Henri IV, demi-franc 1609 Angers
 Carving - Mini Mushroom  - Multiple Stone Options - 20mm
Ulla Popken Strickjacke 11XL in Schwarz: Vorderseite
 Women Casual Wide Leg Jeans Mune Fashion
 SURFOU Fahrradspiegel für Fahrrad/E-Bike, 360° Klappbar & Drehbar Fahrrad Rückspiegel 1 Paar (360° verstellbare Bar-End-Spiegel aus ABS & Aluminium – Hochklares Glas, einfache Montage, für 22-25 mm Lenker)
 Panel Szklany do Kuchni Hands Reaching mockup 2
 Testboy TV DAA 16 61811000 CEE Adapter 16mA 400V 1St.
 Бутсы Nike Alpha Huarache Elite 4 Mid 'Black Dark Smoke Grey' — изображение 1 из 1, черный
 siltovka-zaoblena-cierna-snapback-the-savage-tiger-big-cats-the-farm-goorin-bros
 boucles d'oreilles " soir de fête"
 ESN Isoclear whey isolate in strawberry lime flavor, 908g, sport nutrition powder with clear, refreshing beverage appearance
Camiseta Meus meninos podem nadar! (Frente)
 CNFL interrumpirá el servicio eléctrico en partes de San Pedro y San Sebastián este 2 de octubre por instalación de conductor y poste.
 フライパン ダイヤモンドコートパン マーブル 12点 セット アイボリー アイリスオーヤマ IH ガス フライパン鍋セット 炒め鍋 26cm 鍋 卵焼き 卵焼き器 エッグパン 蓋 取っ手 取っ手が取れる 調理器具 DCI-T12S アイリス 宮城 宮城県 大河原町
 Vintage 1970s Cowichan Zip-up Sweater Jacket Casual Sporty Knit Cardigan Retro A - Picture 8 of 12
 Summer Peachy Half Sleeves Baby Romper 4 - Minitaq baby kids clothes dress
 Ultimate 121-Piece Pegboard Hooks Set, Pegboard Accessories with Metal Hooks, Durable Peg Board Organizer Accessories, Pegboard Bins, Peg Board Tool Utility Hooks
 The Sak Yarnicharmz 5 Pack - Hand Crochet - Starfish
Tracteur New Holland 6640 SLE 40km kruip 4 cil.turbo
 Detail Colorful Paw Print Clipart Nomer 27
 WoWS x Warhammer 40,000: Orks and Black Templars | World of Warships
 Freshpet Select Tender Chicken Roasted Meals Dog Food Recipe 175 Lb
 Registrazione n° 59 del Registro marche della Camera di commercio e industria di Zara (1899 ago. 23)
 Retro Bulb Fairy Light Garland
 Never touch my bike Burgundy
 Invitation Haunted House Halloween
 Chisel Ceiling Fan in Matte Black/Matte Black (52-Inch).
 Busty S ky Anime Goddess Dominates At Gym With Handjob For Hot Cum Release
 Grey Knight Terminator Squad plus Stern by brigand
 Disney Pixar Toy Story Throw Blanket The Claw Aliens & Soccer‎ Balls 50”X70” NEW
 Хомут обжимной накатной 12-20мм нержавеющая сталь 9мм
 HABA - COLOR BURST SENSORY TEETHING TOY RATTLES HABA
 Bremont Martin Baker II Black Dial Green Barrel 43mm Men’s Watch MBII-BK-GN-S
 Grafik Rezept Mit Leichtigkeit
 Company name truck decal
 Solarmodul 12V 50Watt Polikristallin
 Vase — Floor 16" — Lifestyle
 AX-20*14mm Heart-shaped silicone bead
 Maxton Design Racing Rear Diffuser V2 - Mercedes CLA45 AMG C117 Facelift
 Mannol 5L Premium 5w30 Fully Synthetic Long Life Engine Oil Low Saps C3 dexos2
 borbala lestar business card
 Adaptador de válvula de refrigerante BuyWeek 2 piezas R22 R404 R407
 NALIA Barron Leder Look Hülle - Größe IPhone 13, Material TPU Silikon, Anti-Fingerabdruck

What you need to do: Go through the listing, find each line with the word "Casual", and copy it.

Exercise response:
 Women Casual Wide Leg Jeans Mune Fashion
 Vintage 1970s Cowichan Zip-up Sweater Jacket Casual Sporty Knit Cardigan Retro A - Picture 8 of 12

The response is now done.